Recent Developments in Landlord/Tenant Law
* Civil Code § 1946.1- has been made permanent. This law requires that in order to terminate a residential tenancy of one year or more, the owner must provide the tenant with at least 60 days written notice. Only 30 days notice is required if the tenant has lived in the property for less than one year. Tenants may terminate by giving written notice “for as long as the period of the tenancy prior to the date of proposed termination.”
* Protecting Tenants At Foreclosure Act - effective nationwide on May 20, 2009, purchasers at a foreclosure sale who want to evict a bona fide residential tenant must provide the tenant with at least 90 days notice.

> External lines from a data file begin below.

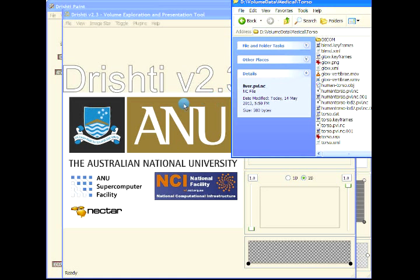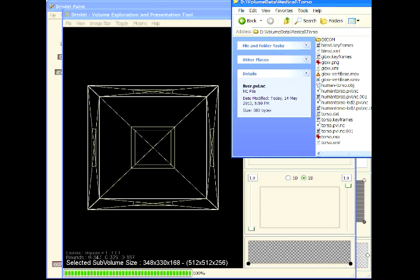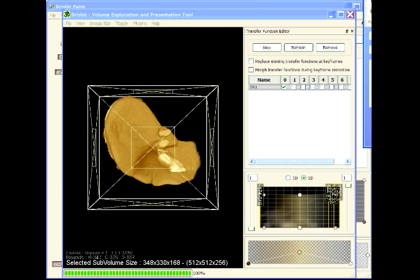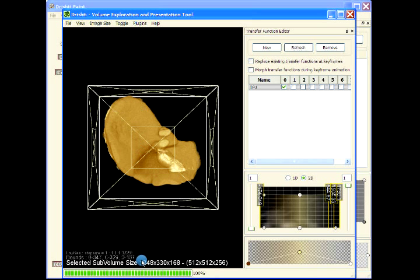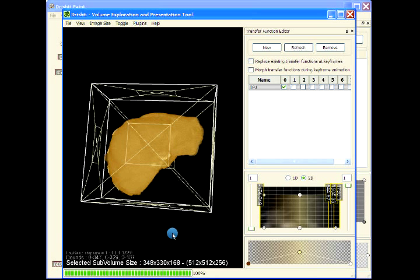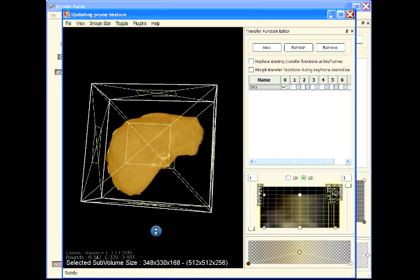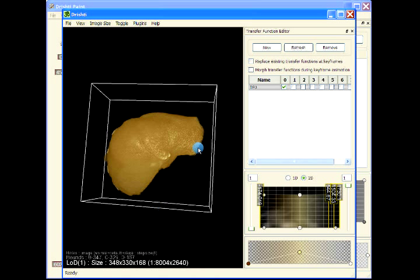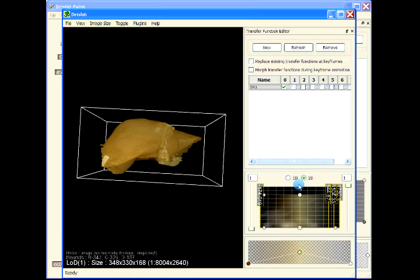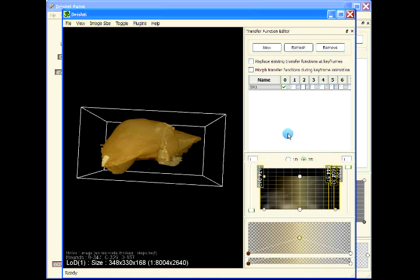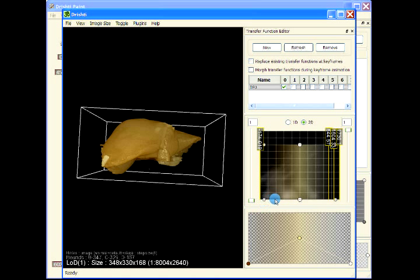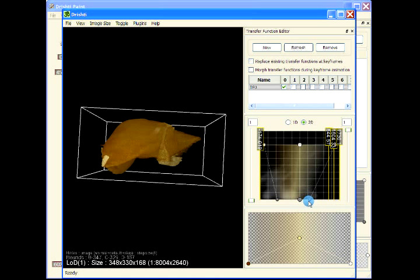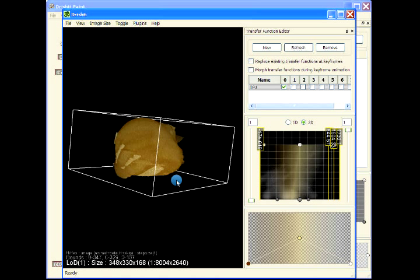Here it is. Here is the liver, and we can just modify our transfer function so that we see only the liver.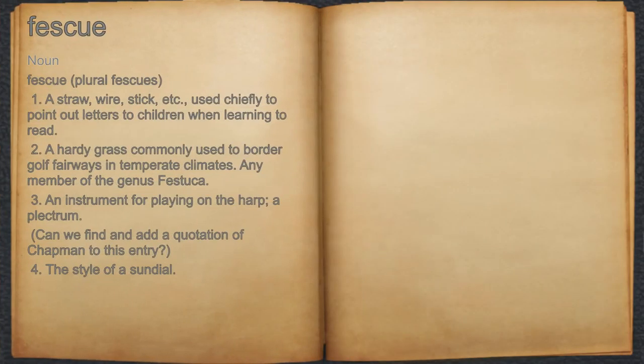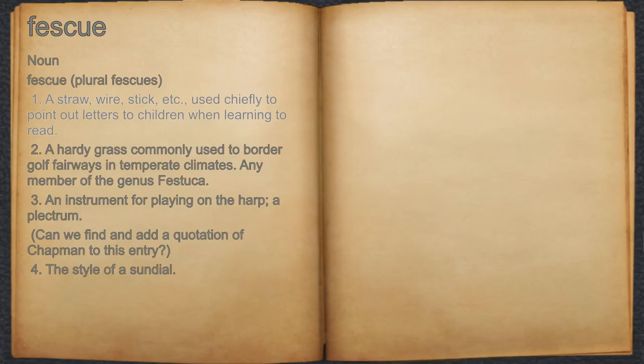Fescue. Noun. 1. A straw, wire, stick, etc., used chiefly to point out letters to children when learning to read.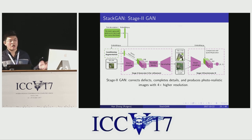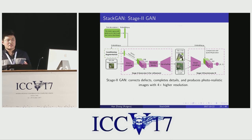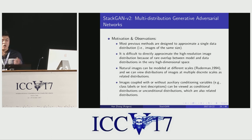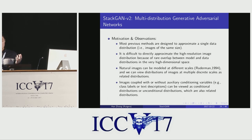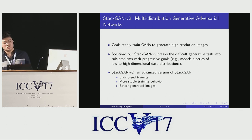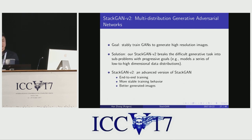Although StackGAN achieved state-of-the-art results, it still has some problems. For example, it is not an end-to-end learning framework. If Stage 1 GAN completely fails in a collapsed mode, Stage 2 GAN cannot correct the defects. So very recently we proposed a new method. We observed that natural images can be modeled at different scales or modeled with or without conditions. By jointly modeling multiple distributions, it adds more regularizations to each sub-task and thus stabilizes the training. In the StackGAN2 framework, we break the difficult generative task into sub-problems with progressive goals, jointly modeling a series of low-to-high-dimensional data distributions. Compared to StackGAN, StackGAN2 has several advantages including end-to-end training, more stable training behavior, and better generated images.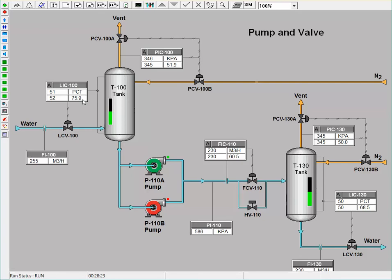On the second tank, the level controller will control the valve on the outlet side of the tank. This is different from the first tank, T100, because the level controller on that tank was controlling the inlet to that tank.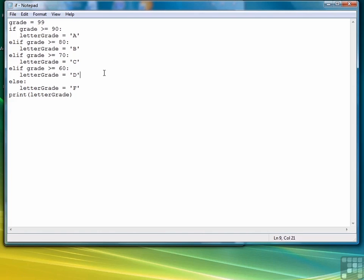So in this lesson we've covered the if statement in all three of its possibilities: the simple if, the if else, and then the if else if, or the if elif if you want to call it that. So that should give you a pretty good overview of how to do decision making or selection in Python. And now let's move to the next lesson where we're going to talk about looping with the while loop and the for loop.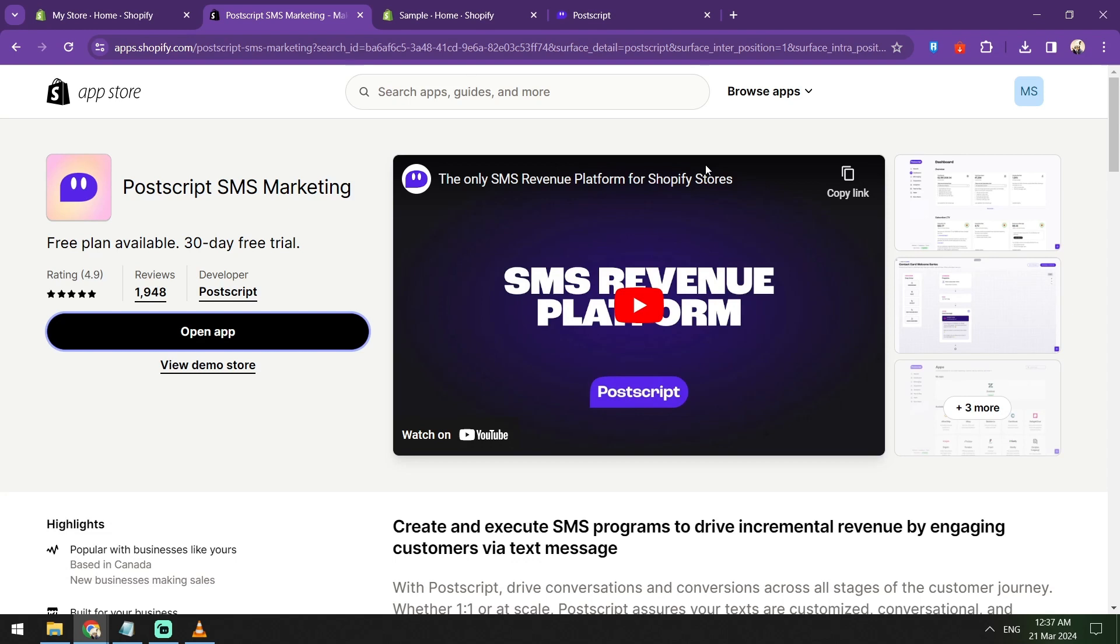Let's get started with the setup process. First is we're going to have to sign up an account with Postscript. Here in Postscript to be able to get an account, just log in your email and put in the details of your shop.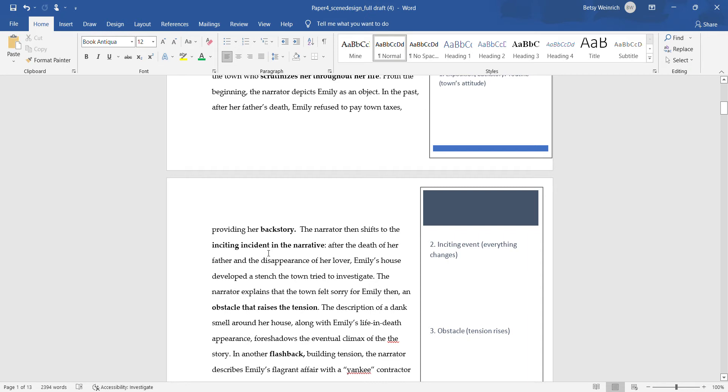The inciting event is where everything changes. In Sweat, the inciting event is Sykes coming in with the whip and Delia freaks out. She finally stands up to him. That's the first time she stands up to him, and from there on all the action proceeds from that action.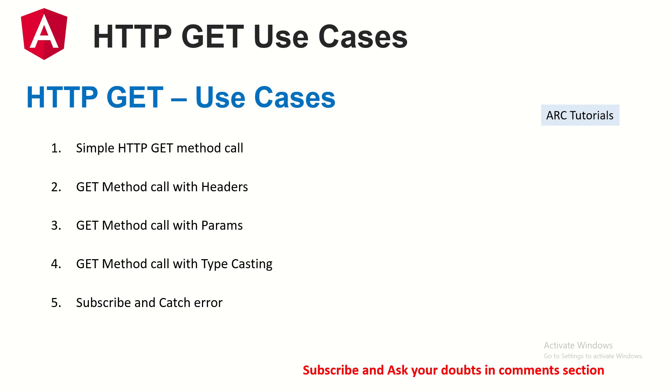So what are we going to do in the hands-on lab today? We will start learning how to use a simple HTTP GET call, then we will add headers to the same method, we will add params HTTP params, and finally we will also learn how to do typecasting and catching the errors. There's a lot of work to do. So let's get started.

If the bona fide tenant resided in the premises under a lease, the foreclosure purchaser must honor the lease, unless the purchaser intends to occupy the unit as a primary residence. (This law will automatically repeal on December 31, 2012.)
* SB 1137 – effective July 8, 2008, a tenant or subtenant in possession of a rental housing unit that has been sold through foreclosure is entitled to a 60-day written notice to quit, not just 30 days. [C.C.P. § 1161b] This new law does not affect rent-controlled tenancies where the tenants are entitled to keep renting on the same terms as before and the foreclosure purchaser cannot evict without “just cause.”
Under this new law the lender, trustee, or authorized agent posting a notice of foreclosure sale must also post and mail notice of the tenant's right to a 60-day eviction notice from the new owner. This requirement to notify tenants of their rights applies to loans secured by residential real property where the borrower has a billing address other than the subject property.